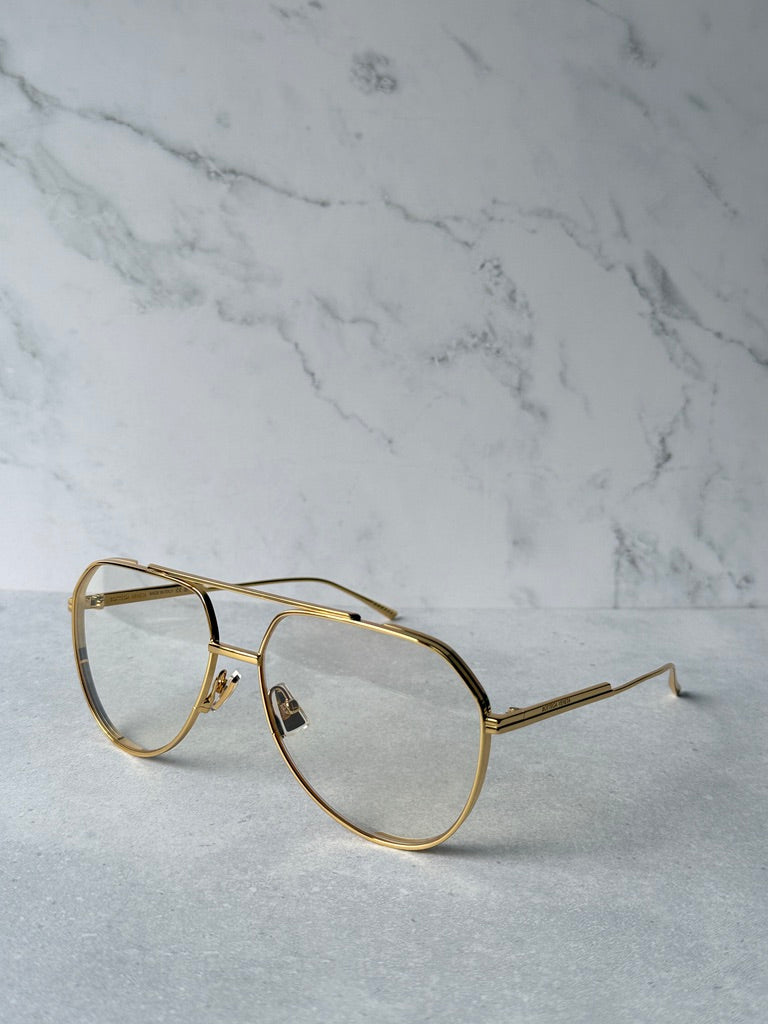 Gold aviator sunglasses with clear lenses and straight metal temple arms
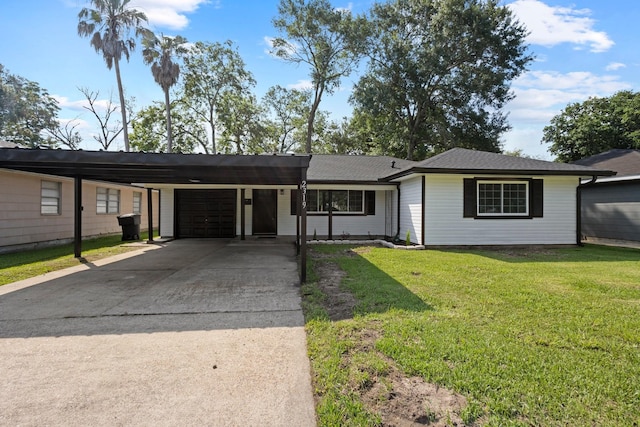 2319 Helena Ave, Nederland, TX 77627 - single story home with concrete driveway, a garage, a carport, and a front yard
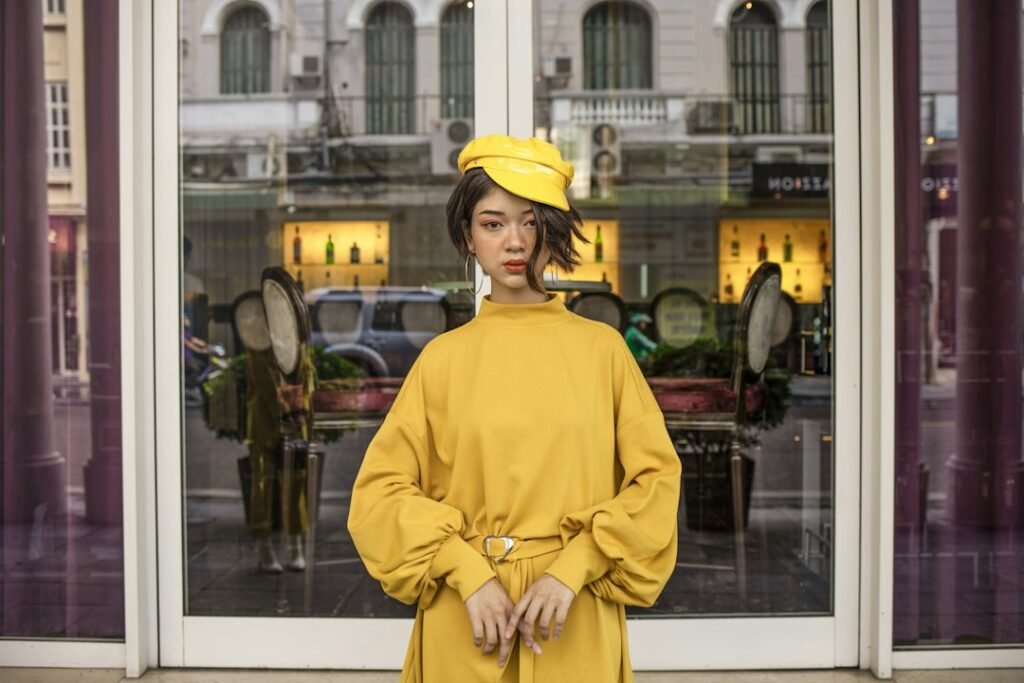 Woman standing near a fashion store window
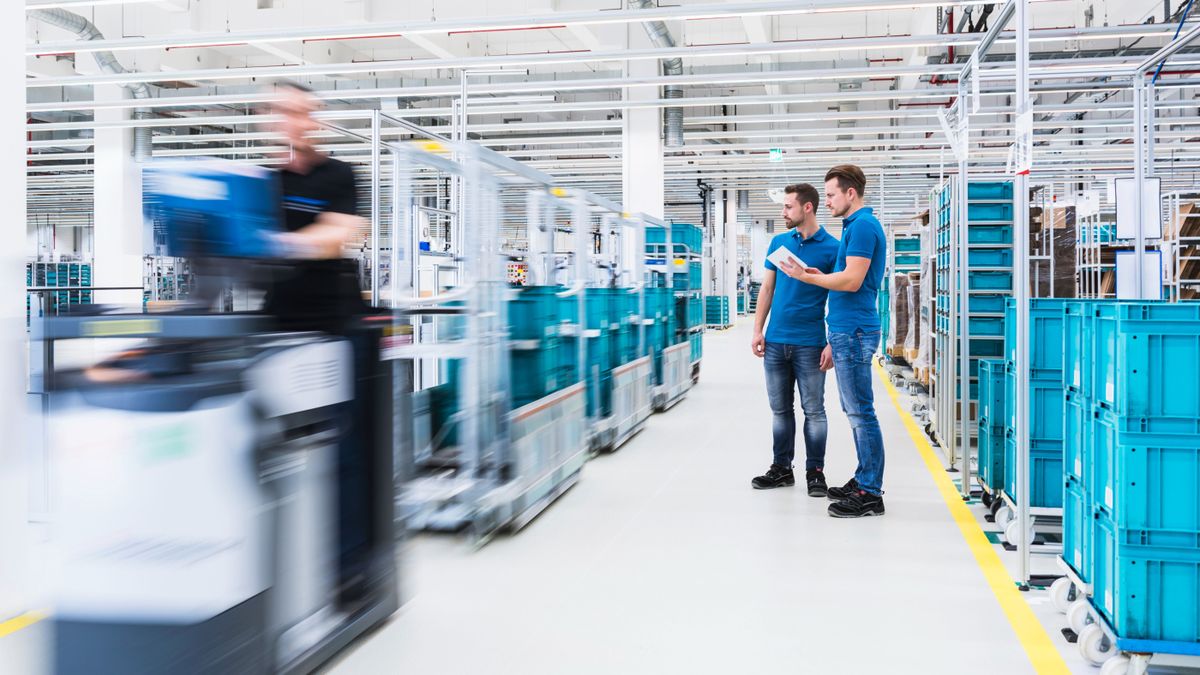 Two men with tablet talking in industrial hall while man driving a tugger train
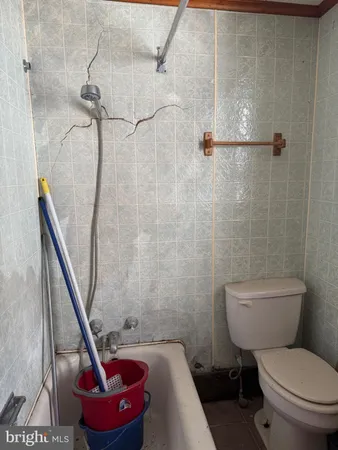 a workspace with furniture a window and a flat screen tv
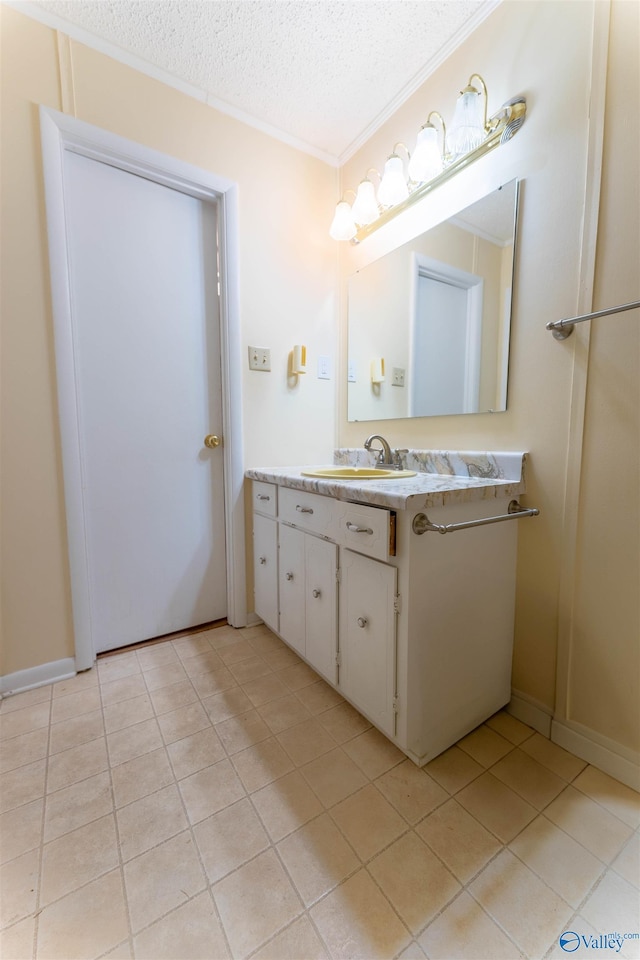 bathroom featuring crown molding, a textured ceiling, tile patterned floors, and vanity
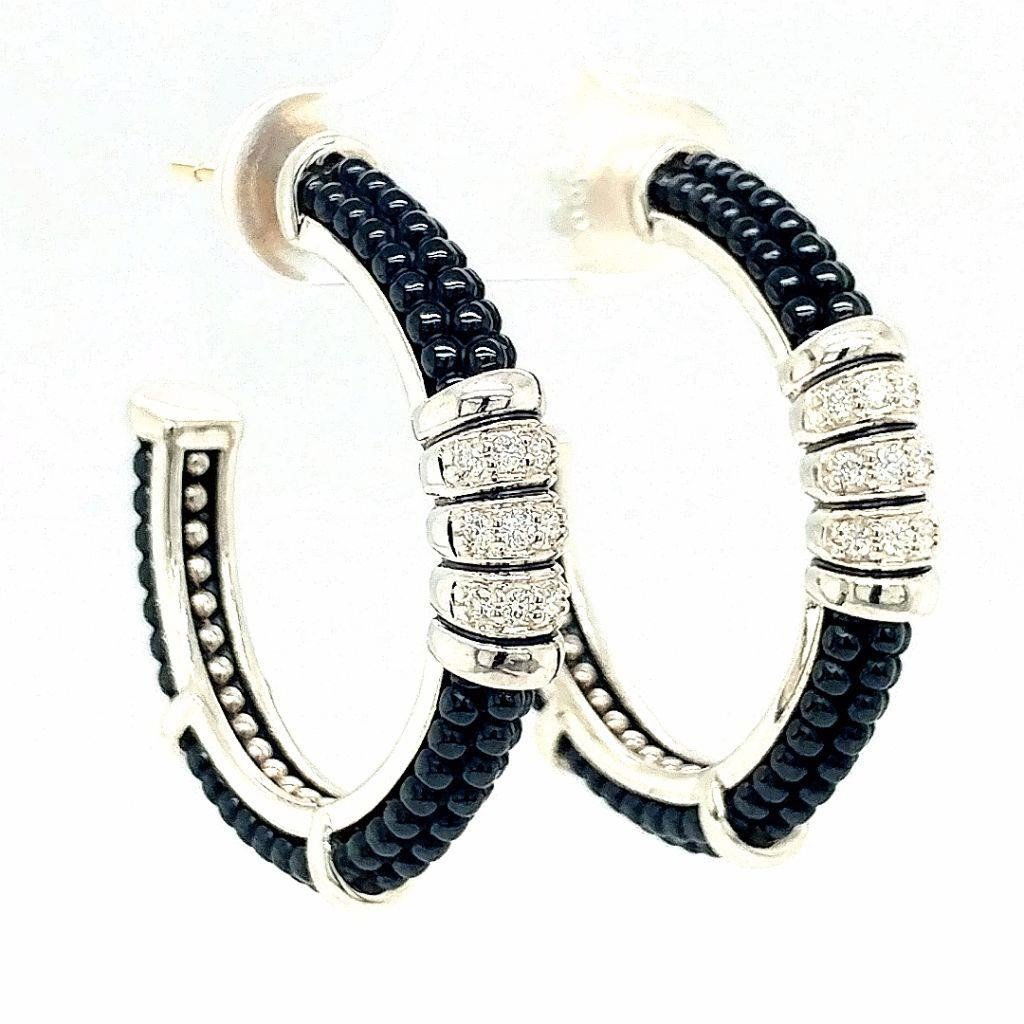 Lagos Black Caviar Diamond Hoop Earrings: LAGOS Black Caviar Diamond Hoop Earrings. Sterling silver with black ceramic beads. White diamond pavÃ© center accents. 0.25 total diamond carat weight that are approximately G, VS1. Approximately 1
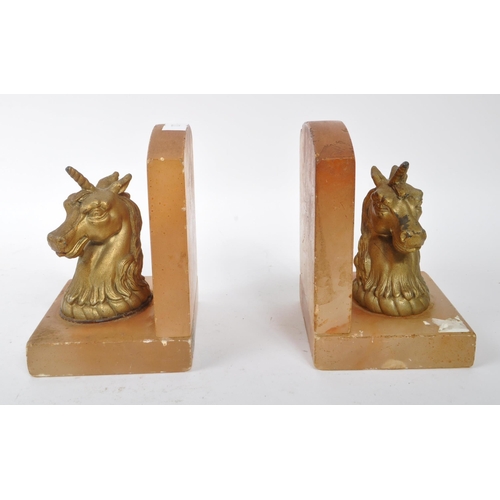 249 - A pair of mid 20th century alabaster unicorn bookends. The bookends featuring gilt unicorn busts to ... 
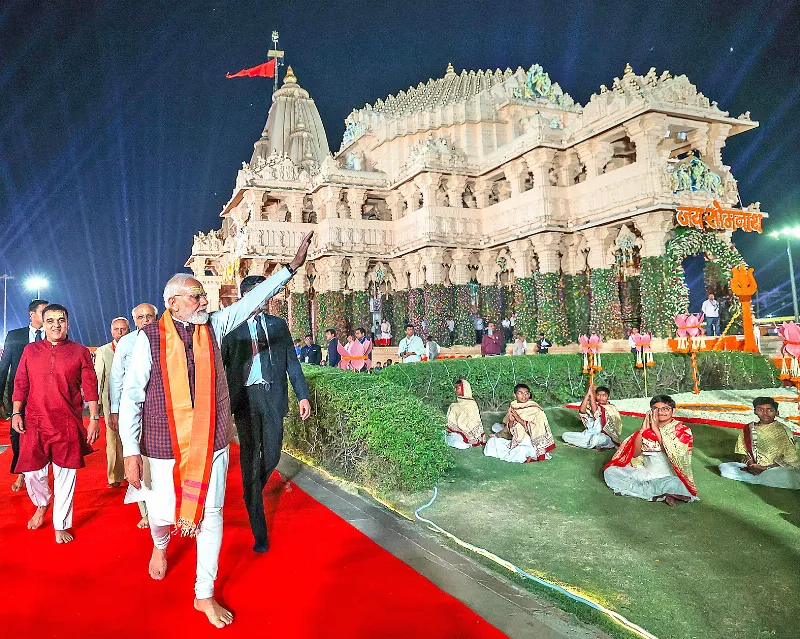 PM Narendra Modi with Bhupendra Patel, Harsh Sanghavi at Somnath Temple.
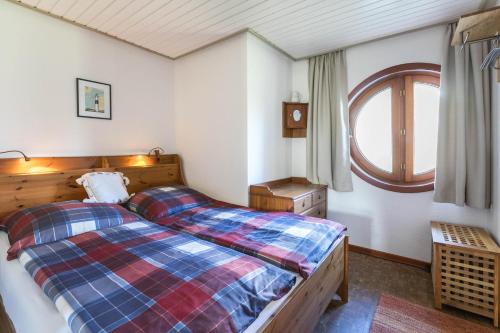 Łóżko lub łóżka w pokoju w obiekcie Zur Kajüte Friedrichskoog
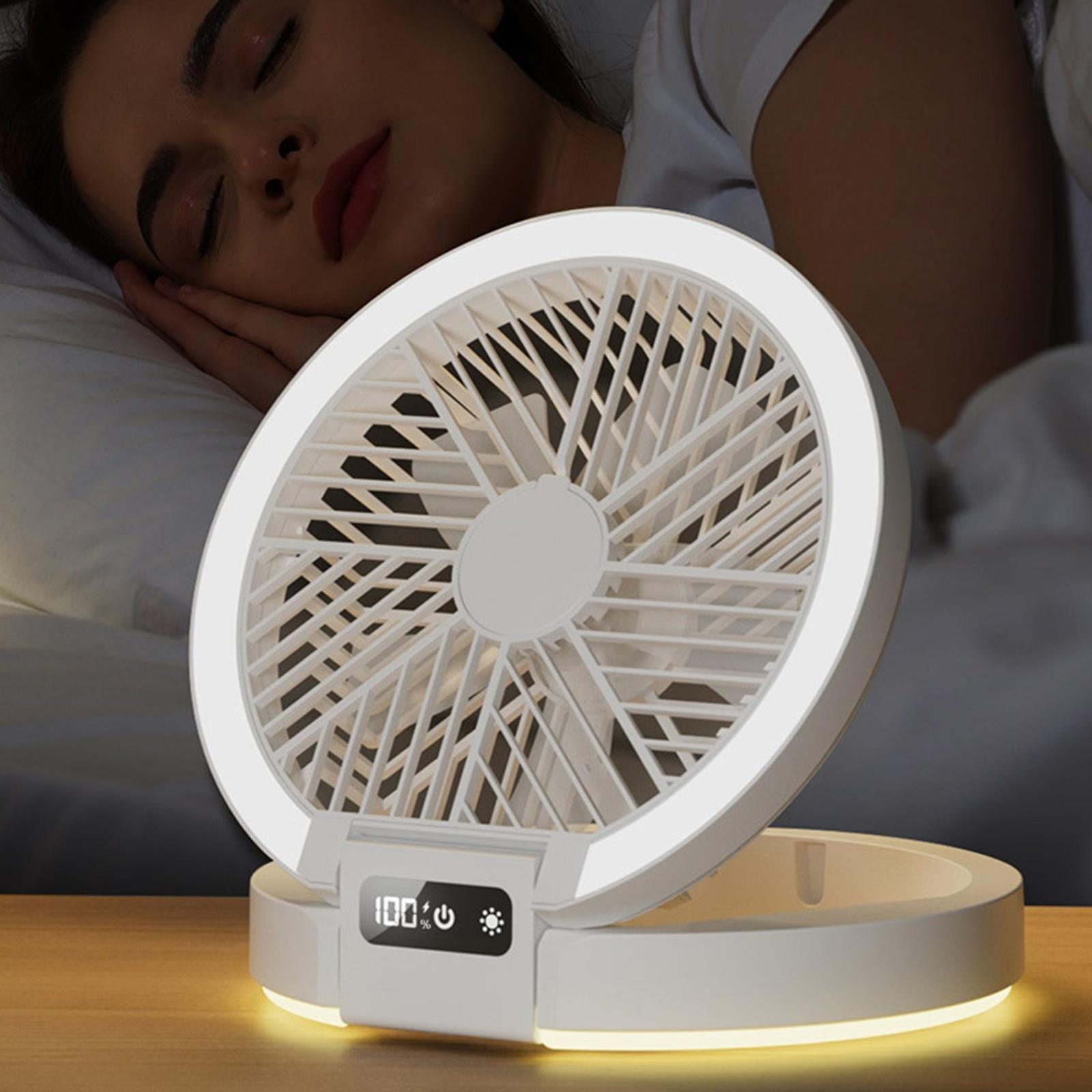 Eine schlafende Frau neben einem weißen, runden Ventilator mit LED-Beleuchtung. Der Ventilator zeigt 100 % Akku an.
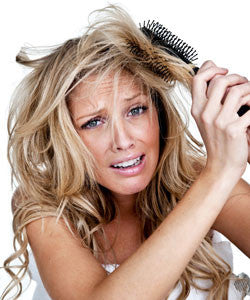 Q. How do you get rid of hair tangles without pulling out more hair?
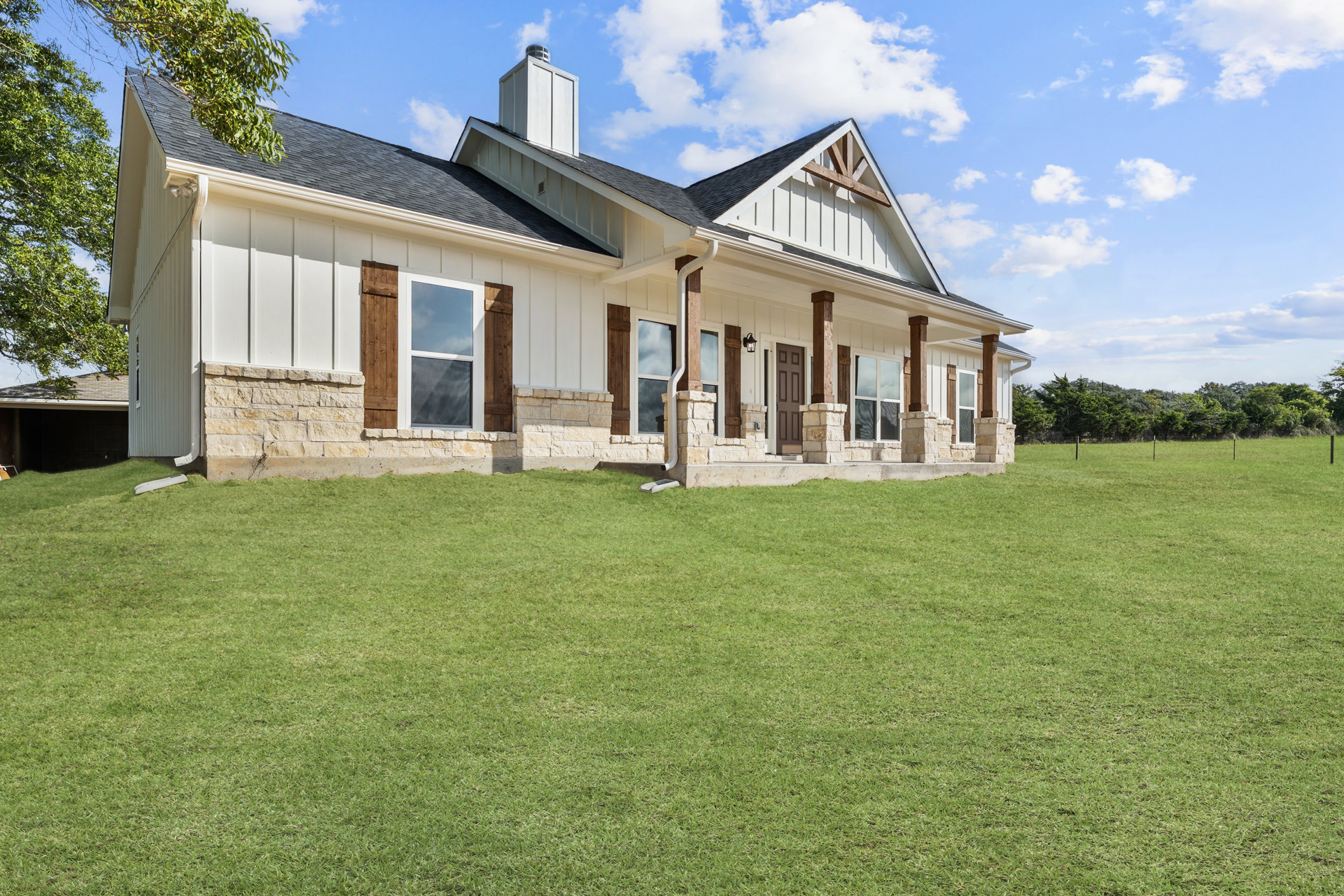 Stone house with white-framed windows, chimney, and stone wall, surrounded by green grass lawn and leafy tree under blue sky with clouds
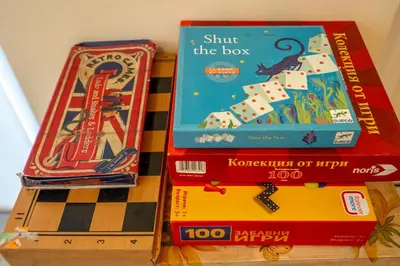 three books sitting on top of a table at Premium comfy 2BDR Apt - Free Parking - Fast Wi-Fi in Sofia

### WHAT THE TASK ASKS
Copy exactly the part of the material above that opens with the line containing "Q. How do you" and closes with the line containing "Stone house with", ends included. Drop the images.

### EXERCISE ANSWER
 Q. How do you get rid of hair tangles without pulling out more hair?
 Stone house with white-framed windows, chimney, and stone wall, surrounded by green grass lawn and leafy tree under blue sky with clouds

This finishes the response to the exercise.